# LED rpm indicator



## stockTT (May 12, 2009)

Here are 2 variations of an LED tachometer I made myself. Much easier to see lights without taking your eyes off whats in front of you than to see the stock tach. Its adjustable to a "red line" of anything between about 5k and 9-10k. The leds turn on sequentially up to the adjustable max point. Hooks up easily, 12v, ground, and 1 signal wire from the engine bay. Going to make a case for the electronics and they will be mounted under the dash.

Pics...
Top version just works left to right. Dual version works outside to inside.









How it looks when installed









Electronics board


----------



## TTC2k5 (May 23, 2008)

NIce effort, but is it really that difficult to see the tach and the road at the same time?

cheers


----------



## Mykal (Sep 7, 2012)

Very cool. :thumbup:


----------



## Forty-six and 2 (Jan 21, 2007)

Cool stuff! What are you asking for them?


----------



## taverncustoms (Feb 18, 2011)

is there a way to hook some thing like this up so when you reach a ajustable rpm your dash lights flash rapidly....... id like that better as long as i could turn it off and on when i wanted.


----------



## ModsTTand (Jul 8, 2009)

Great stuff !


----------



## jbrehm (May 16, 2006)

Good job, man - looks great! 

This will definitely need to be switched, since no one's going to want it on while highway cruising. I'd like one that kicks in at about 5000 RPM, then goes up to 8500RPM :thumbup: I'm trying to figure out a way to get a tasteful tach up that high...no way am I mounting what looks like a wall clock on my dash.


----------



## stockTT (May 12, 2009)

I will consider selling kits which will include a completed electronics board and the leds but not mounted on anything. (All boards will be tested in my car before shipping) You will have to build the led mount yourself. It already takes a lot of time to produce the boards, I do not have the time to make all the display mounts. The cost of the electronics components go down the more you order, but I am not going to order parts for 100 boards and end up sitting on stuff I dont need. I will include detailed instructions and pics on how to hook up the board in the car and also how to wire up the leds. If you want to be able to turn it on / off all you need to do is put a switch in the 12v line.

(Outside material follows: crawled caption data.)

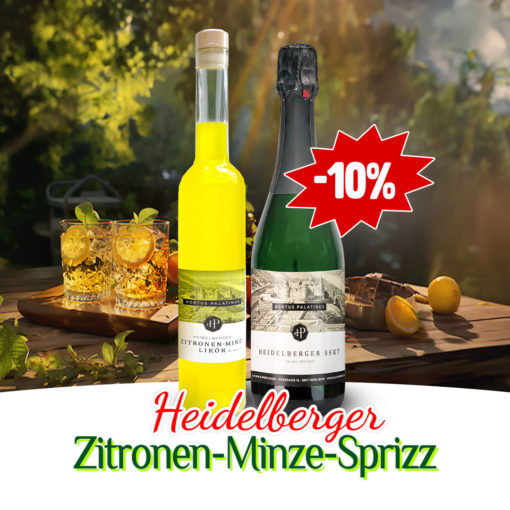 Heidelberger Zitrone Minze Sprizz aus der Genussmanufaktur Alex Hortus Palatinus in Heidelberg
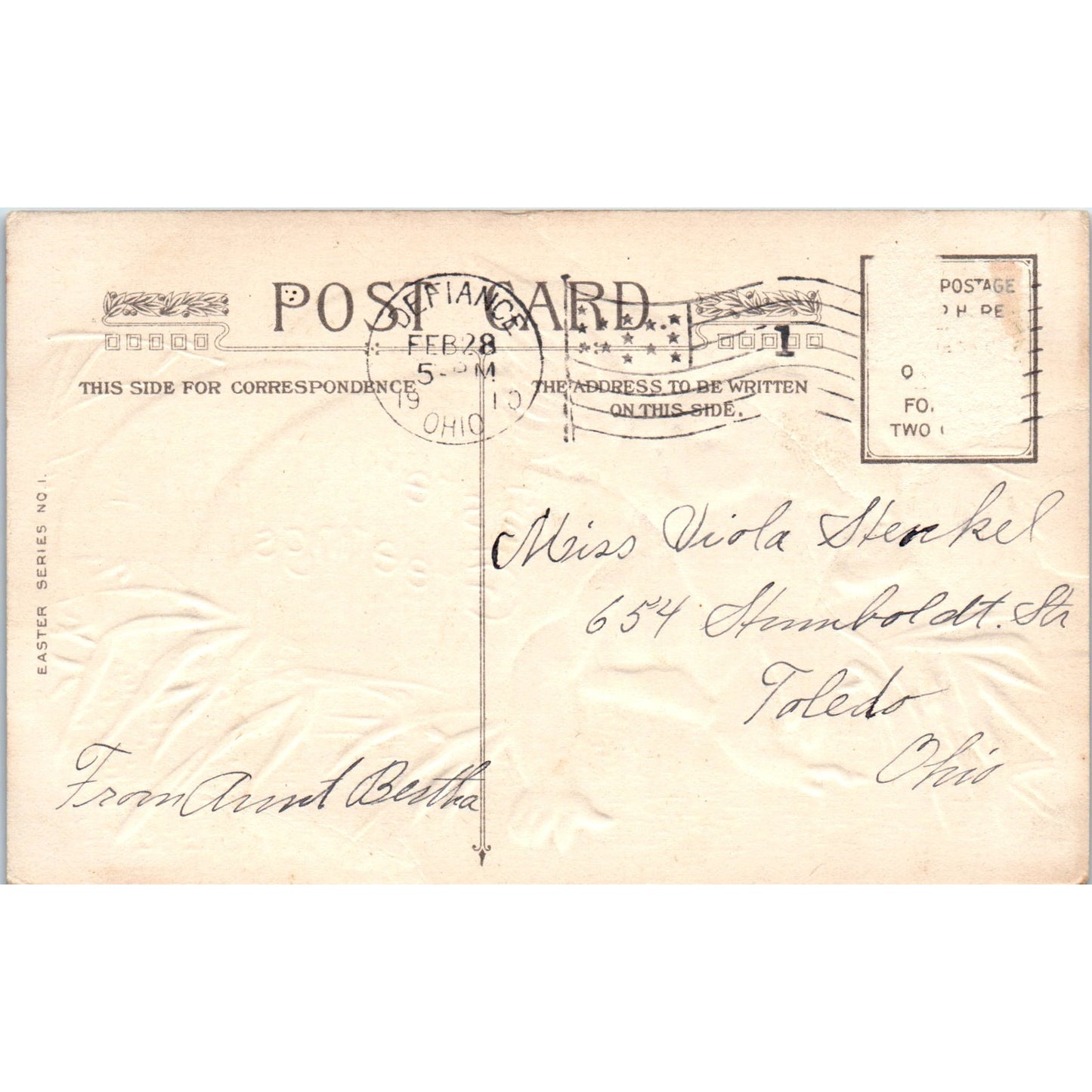 Easter Baby Cherub Cupid Hatching from Egg 1910 Winsch Original Postcard P1-13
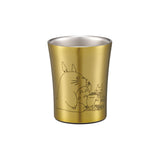 MY NEIGHBOR TOTORO STAINLESS STEEL TUMBLER  (TREE NUTS) GOLD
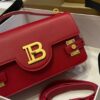 Balmain original single cowhide genuine leather  Women's Bag-23cm with original box free shipping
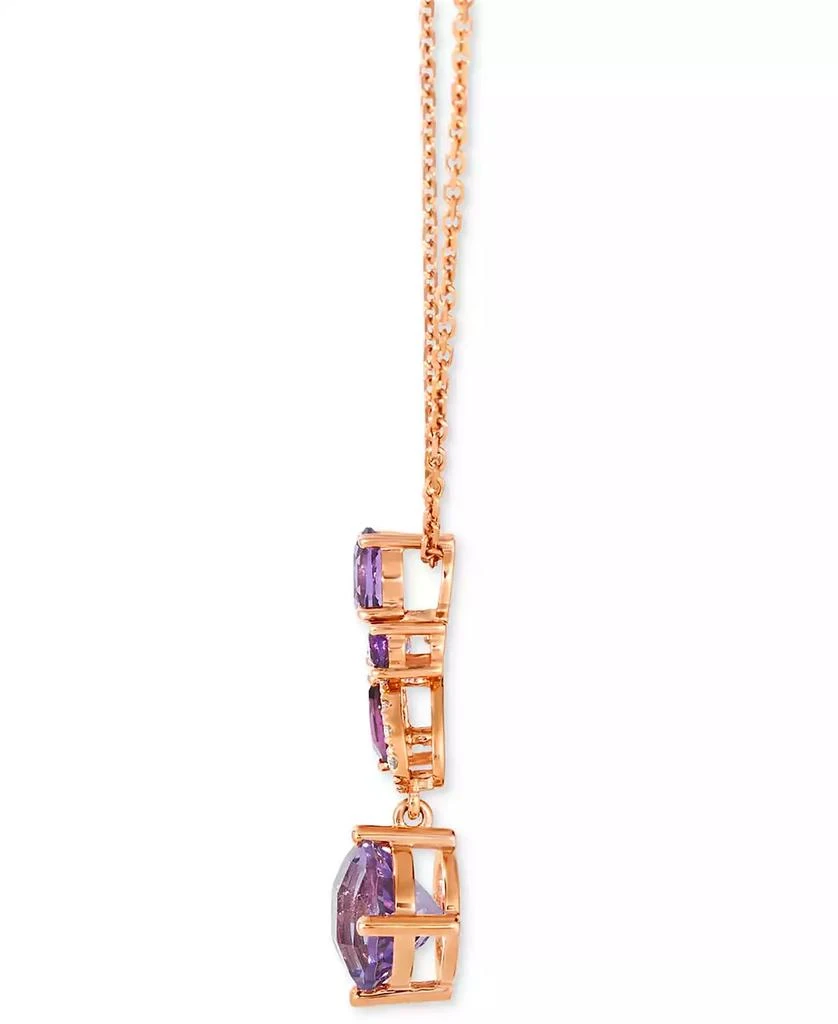 Le Vian Multi-Gemstone (2-1/3 ct. t.w.) 
Nude Diamond (1/10 ct. t.w.) Swirl Pendant Necklace in 14k Rose Gold, 17" + 2" extender 2
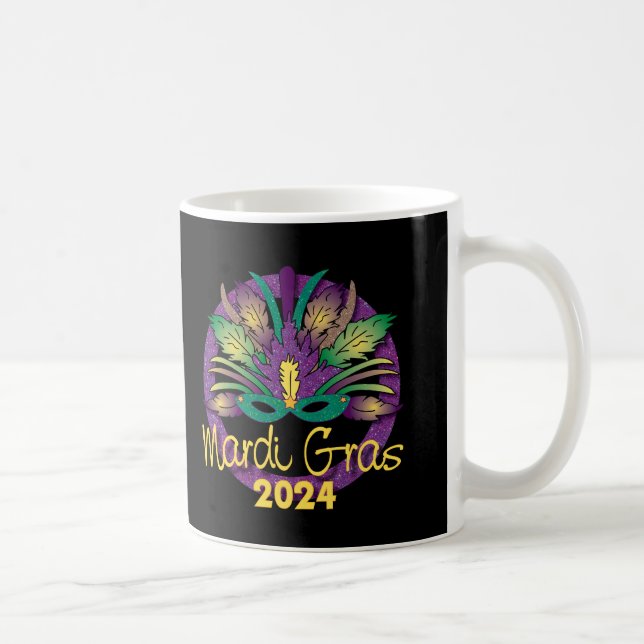 Caneca De Café Mardi Gras 2024 Mug (Direita)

$120 shipped for single version kit
$130 shipped for dual version kit

Right now I know it works in my 1.8T Audi TT. I believe it will work in any Audi / VW 1.8T but have not proven that. I will refund half price to the first person who can provide installation instructions and pictures in a different model.

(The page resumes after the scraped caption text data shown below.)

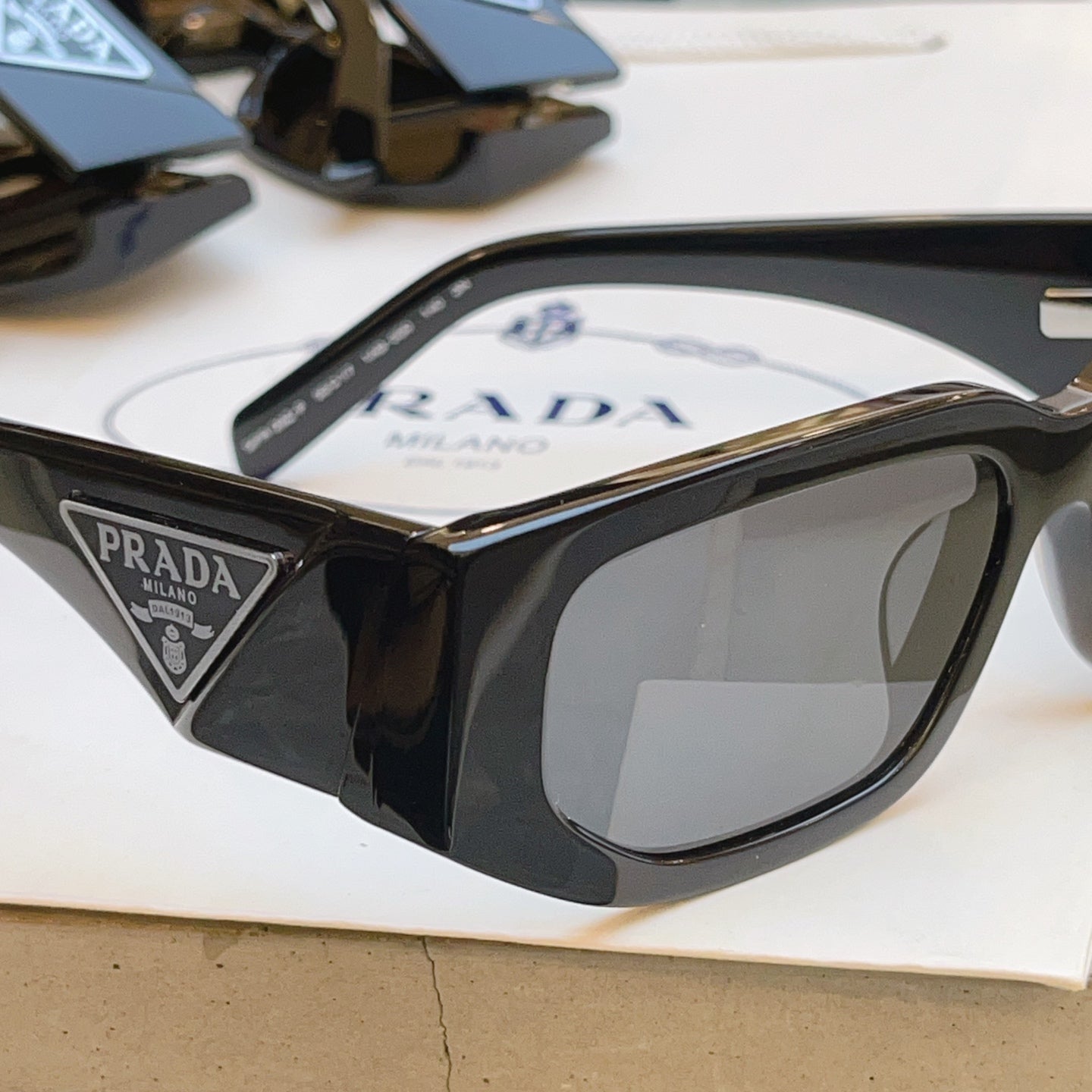 Prada SPR Fashion Blue Lens Sunglasses for Men & Women - detail image 9
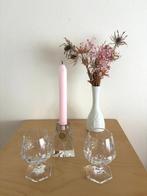 Villeroy&Boch, Vintage Cognacgläser, mit Kerzenhalter -, Antiek en Kunst, Antiek | Meubels | Tafels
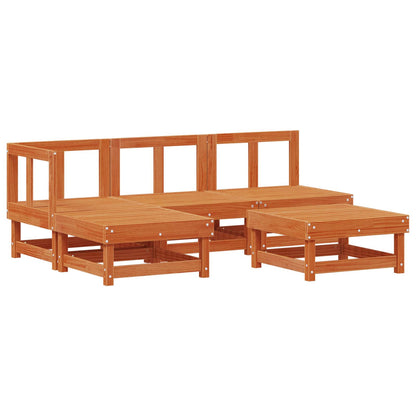 Set Lounge da Giardino 13 pcs Marrone Cerato | homemem39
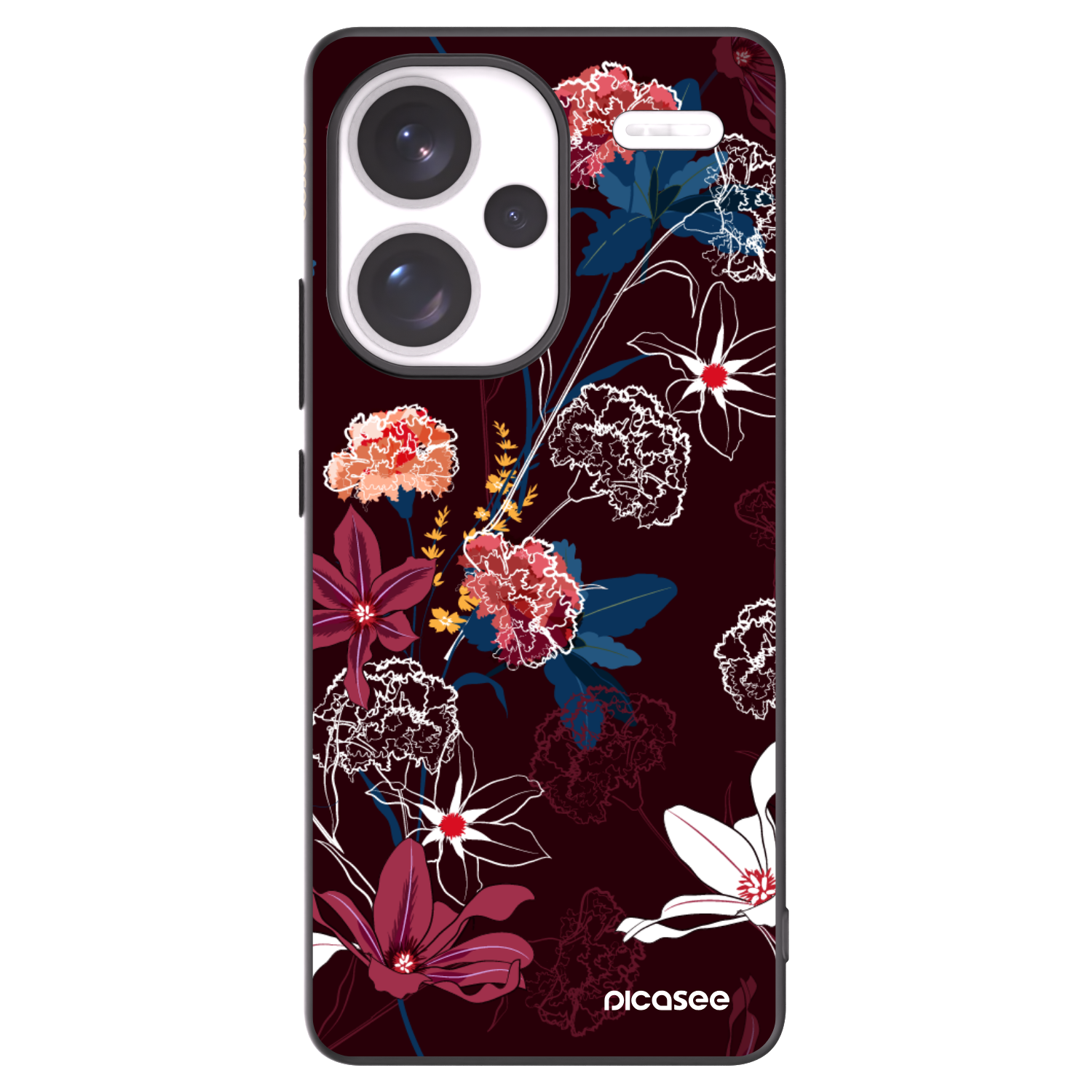 Picasee silikonowe czarne etui na Xiaomi Redmi Note 13 Pro+ 5G - Dark Meadow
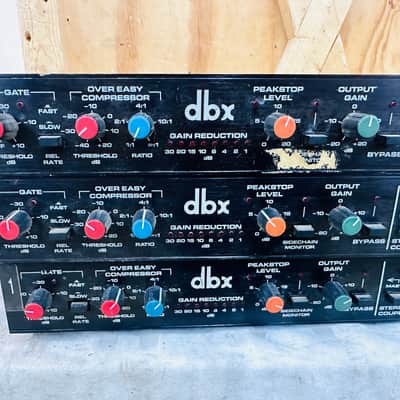 Lot of 3 BROKEN DBX 166 2-Channel Stereo Compressor Made in USA - PARTS / REPAIR image 7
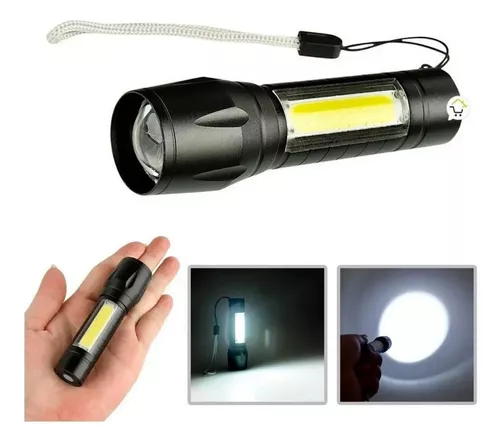 Mini Linterna Led Recargable Bolsillo, Zoom Camping Tactica Color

Disclaimer, working on the electrical system in your car can cause permanent damage. I take no responsibility for any damages done to your car.

If you are interested PM me.


----------



## 20v master (May 7, 2009)

TTC2k5 said:


> Nice effort, but is it really that difficult to see the tach and the road at the same time?


Or just listen to the engine, or feel the torque fall off if you're on stock cams? :laugh: Cool idea, just not my cup of tea. :thumbup:


----------



## Forty-six and 2 (Jan 21, 2007)

That's pretty pricey for the simple diy components and no mount for the leds. I'd be in for one if it were 100% complete...


----------



## stockTT (May 12, 2009)

Sorry, for the cost of the components and the the time involved with putting it together thats what it has to be to make it worth even doing.


----------



## TTC2k5 (May 23, 2008)

Forty-six and 2 said:


> That's pretty pricey for the simple diy components and no mount for the leds. I'd be in for one if it were 100% complete...


LOL, I'll pay you $130 for 100% complete wide-fenders...also simple diy components. :laugh::laugh:

I think some times we forget what a PITA "creating" mods are. A man's effort, blood, sweat, and tears are worth something, it has value. I for one could do neither yours nor his so should expect to pay accordingly. 

cheers


----------



## hitmanhite (Jun 17, 2002)

20v master said:


> Or just listen to the engine, or feel the torque fall off if you're on stock cams? :laugh: Cool idea, just not my cup of tea. :thumbup:


I'm with you, once you've been driving your car for awhile, you become one with it. You know the shift points, you can hear and feel the RPM's. Most of the time on the autobahn, you are right on the redline anyway....unless your coming into town. If I am in one of my VAG products, I usually don't even have the radio on. 

Good project for a second year electronics student though.


----------